この夜最大の、歌による圧倒。だが、立ち直ったフロアは拍手と声でアンコールを呼びかけると、キラキラとしたイントロが流れ始め、上はツアーTシャツ、下は膝上の巻きスカートの鈴木が再登場。最後のMCで語った思い、「ぜんぶ無駄じゃないと わかる日が来る」が歌詞に表現されている「My Own Story」。直接想いを伝えたわけではないにもかかわらず坂本真綾が歌詞に封じ込めた、これも鈴木にとって人生の伴侶となるであろう曲を、鈴木はやはりステージ中央で歌い切っていく。2番ではシャボン玉が会場に広がり、ライトの光を受けたシャボン玉は虹色を見せ、鈴木みのりのこれからが鮮やかに彩られるだろうことを示してみせた。

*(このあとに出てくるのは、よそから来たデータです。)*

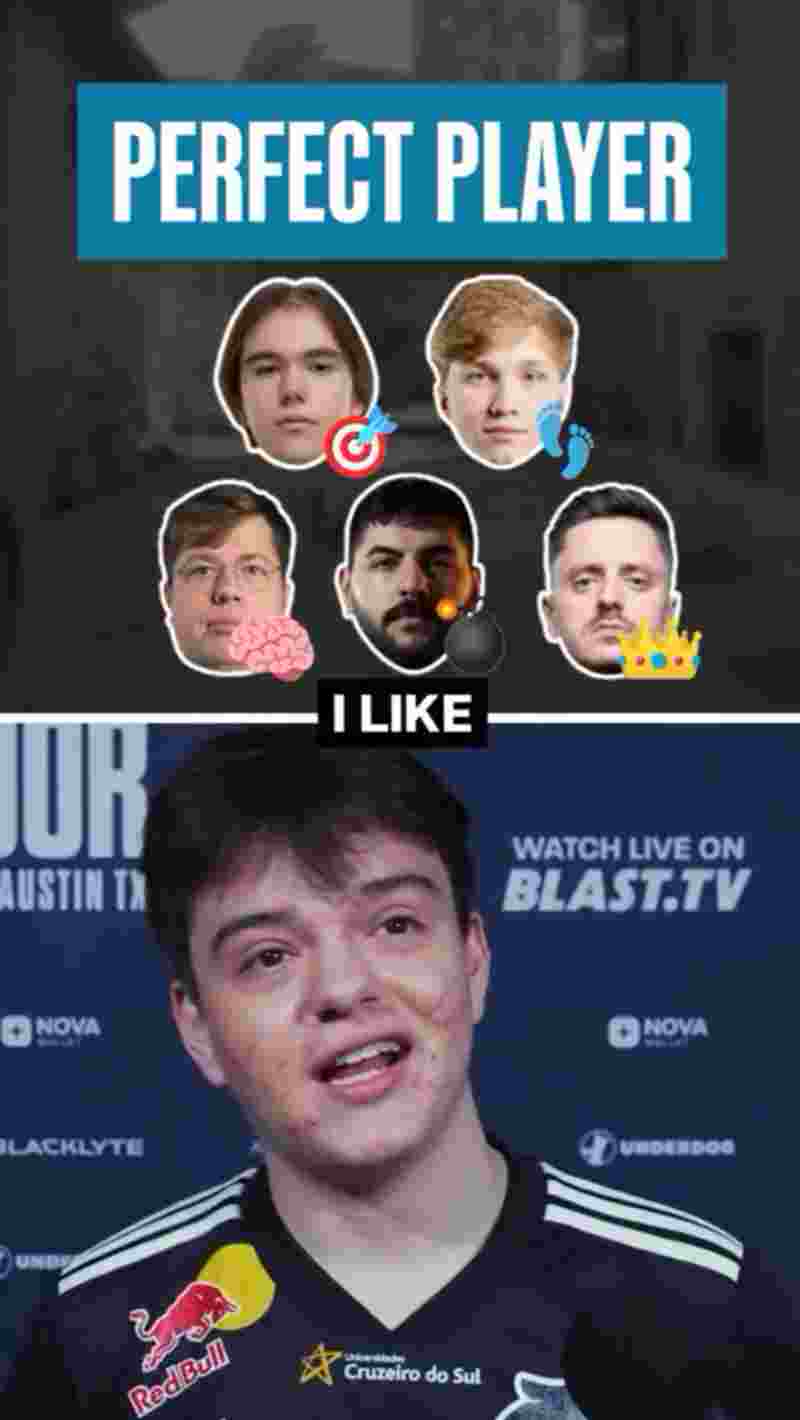 楼贴门逃生 楼贴门逃生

最後のMCでは、岡持ちに入れられたグッズを紹介後、次の曲では写真撮影OKが鈴木から伝えられ、続いて「今日をあらためて最高の1日に」という偽らざる本心が口からこぼれる。鍵盤が奏でるイントロ、鈴木のアカペラで始まると開始早々、「いっせーのーでっ!」「Yeah!」の歌に合わせて、鈴木が「ハイポーズ」でシャッターチャンスを提供、フロアでは声を出しながらスマホを掲げてシャッターを切る観客。そう、ラストソングは「いっせーのーでっ!」。鈴木みのりが歌うとあらわれるキラキラ感、ワクワク感を、彼女を長く見つめてきた北川が曲に込め、観客からのコールも盛り込んだライブ曲。2年ぶりのライブ、声出しOKの喜びを表現するのに最高の一曲を味わうと、鈴木は「みなさんありがとうございました。緊張していたんですけど、本当に今の自分の気持ちをさらけだすことができました」というファンにとっては嬉しすぎる言葉をかけた。最後に、「カメラ持ちながらでも高く」とあおられ、ステージの上と下で一斉にジャンプ! 最後の最後の「もう1回!」のジャンプで長く濃厚なライブに幕が引かれた。

刻んだ歳月の意味というのは人それぞれであるが、鈴木みのりにとって5周年が大きな意味を持っている、それが伝わる夜だった。木々の葉が色づくように、自らの歌声に対する自信が少しずつ高まってきた今、歌を聴きに来てくれる人への感謝を軸に、鈴木の歌には「歌を聴いてもらおう」という想いがあふれていた。鈴木みのりを想う人々が彼女が生きる楽曲を生み、彼女と共に楽曲を作り上げ、ファンはその想いを受け取って楽曲を分かち合う。そんな環境を得て、鈴木みのりは歌手として一気に芽吹こうとしている。東京・大阪・愛知の3ヶ所それぞれで期待しか感じさせないライブツアーであった。2023年というメモリアルイヤーを経た末に、彼女がどのような成長を見せるのか、歌手としてどこまで成熟するのか、どんなみのりを見せてくれるのか、そう、鈴木みのりの5周年はまだ始まったばかりだ。